=== EXERCISE BRIEF ===
Nothing but the lines below from the one holding "Most Haunted place" up to and including the one holding "Картинка с текстом" should be copied, exactly and without pictures.

=== EXTRACTED MATERIAL ===
***

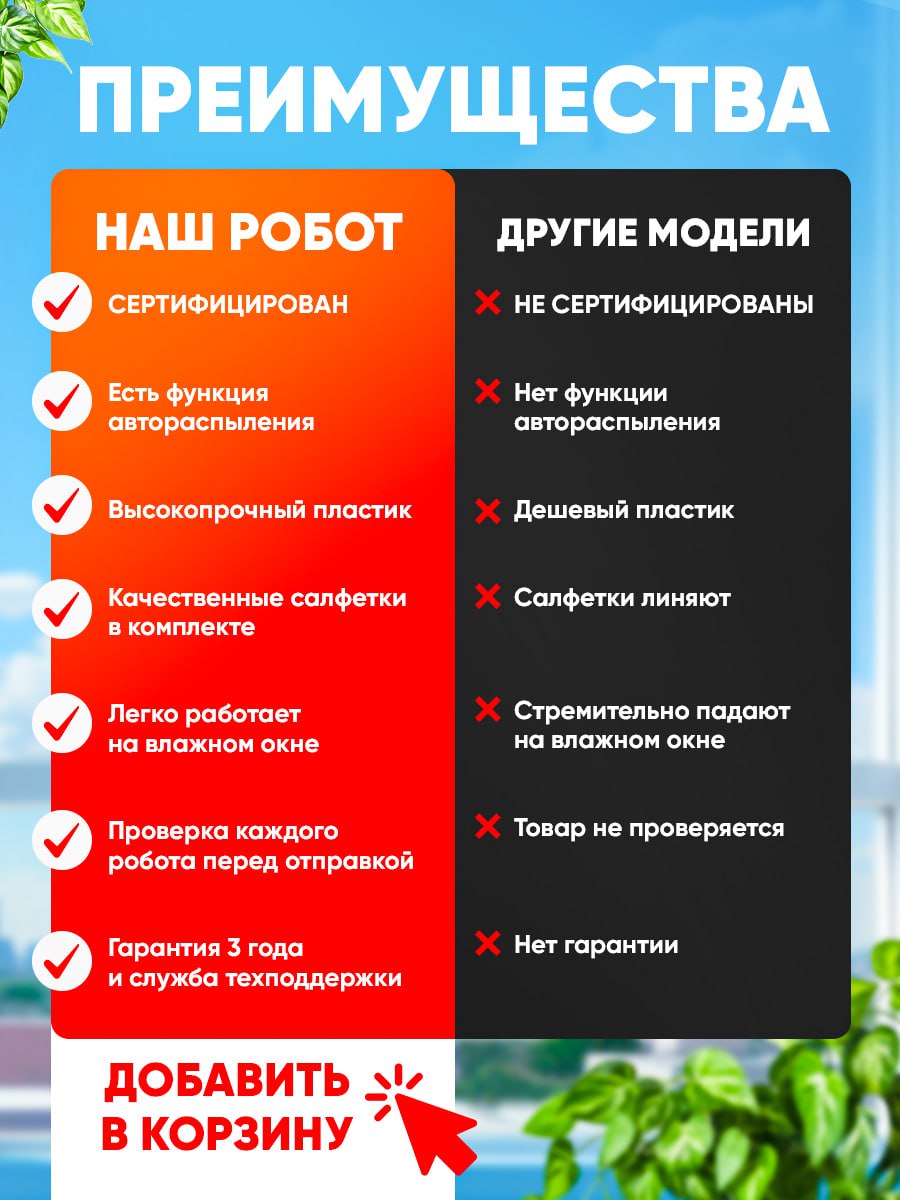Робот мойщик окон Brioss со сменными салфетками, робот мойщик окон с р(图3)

***

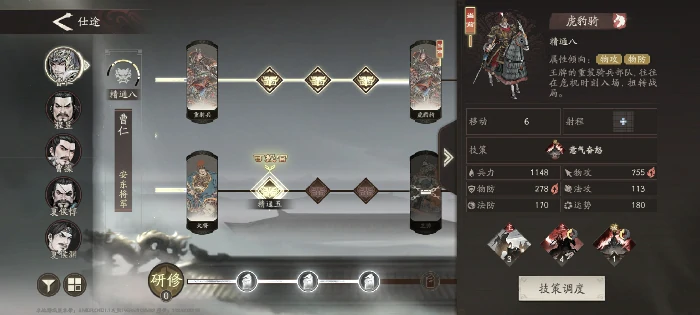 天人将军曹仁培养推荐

***

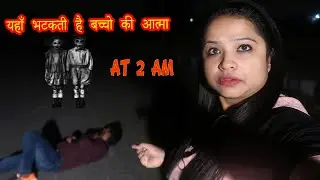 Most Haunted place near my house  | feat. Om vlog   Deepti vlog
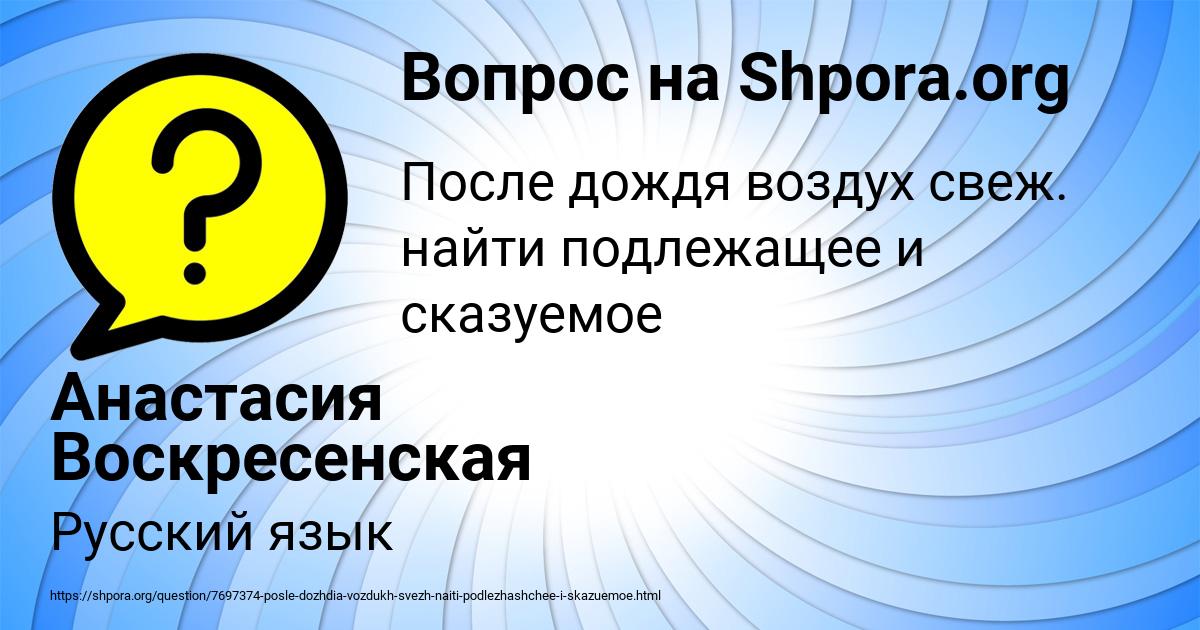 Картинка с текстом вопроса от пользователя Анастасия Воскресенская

***

=== TASK SOLUTION ===
 Most Haunted place near my house  | feat. Om vlog   Deepti vlog
 Картинка с текстом вопроса от пользователя Анастасия Воскресенская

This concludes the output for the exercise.